Indeed, such are the remedies readily provided to these desperate, dying patients, that their surviving relatives, either accompanying them or gathered beside their deathbed, are occasionally left indebted to the establishment and subsequently penniless.
As Karolina Watroba puts it: 'Der Zauberberg laid bare that tuberculosis had become a money-spinner in the late 19th century.' Thomas Mann became effectively persona non grata in Davos after the publication of his novel, as it had brought the town and a mainstay of the local economy into disrepute.

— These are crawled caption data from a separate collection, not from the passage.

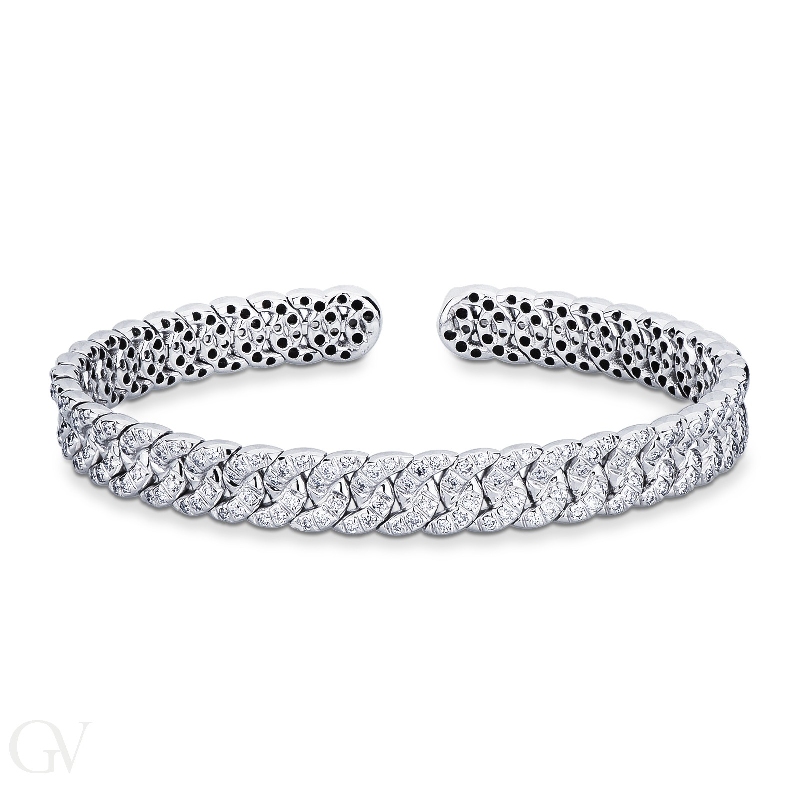 18k white gold semi-rigid bracelet with diamonds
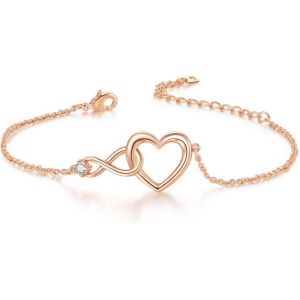 Eryi-Coeur Infini Bracelet Femme Acier Inoxydable Plaqué Or/Argent/Or Rose Zirconium Bracelet Fantaisie Bijoux Cadeau - Neuf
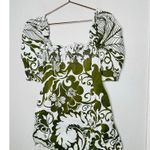 LA DOUBLEJ Green White Printed Puffed Sleeves Square Neckline Mini Dress Size L Size L Photo 2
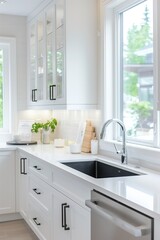 Fototapeta premium White kitchen monochromatic interior with sleek countertops and cabinets, stainless steel appliances, and a panoramic view of the bustling cityscape with skyscrapers through a large window.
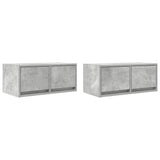TV Cabinets 2 pcs Concrete Grey 60x31x25.5 cm Engineered Wood 861497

So great did the local tourism agency consider the damage to be that they invited one of the leading German writers, Erich Kästner, the author of such timeless children's classics as 'Emil and the Detectives' and 'The Flying Classroom', and an exile from the Nazis, to produce a cheerful novel about Davos.
The result is a fragment entitled 'The Sorcerer's Apprentice', on which he began work in 1936, although it was only published in 1957 in a collection of Kästner's 'writing for adults'. Watroba describes the book as a 'doppelgänger intertext of Der Zauberberg', playing with the themes of the work whose effect it was supposed to counter – and therefore hardly the antidote to its harmful effects on the standing of Davos sanatoria.
Returning to the ambiguity of the word "consumption" as a name for TB and for the motor of economic growth, Thomas Mann himself was convinced that with "The Magic Mountain" he was writing a work of popular literature, not high art. He started promoting the book in 1913 when it was still projected to be a novella, created merchandise with the Maria Mancini cigar, and urged his publisher, Samuel Fischer, to release a cheaper paperback edition between its publication and winning the Nobel Prize in 1927..
"The Magic Mountain" has of course been a terrific money-spinner for S. Fischer publishing house to this day – but, like the sanatorium model, that particular era has almost run its course and will end in January 2026 when Thomas Mann's work comes out of copyright.
Also vaguely inspired by the novel was Klaus Schwab, the founder of the World Economic Forum, which is perhaps the primary association nowadays when people hear the name of Davos.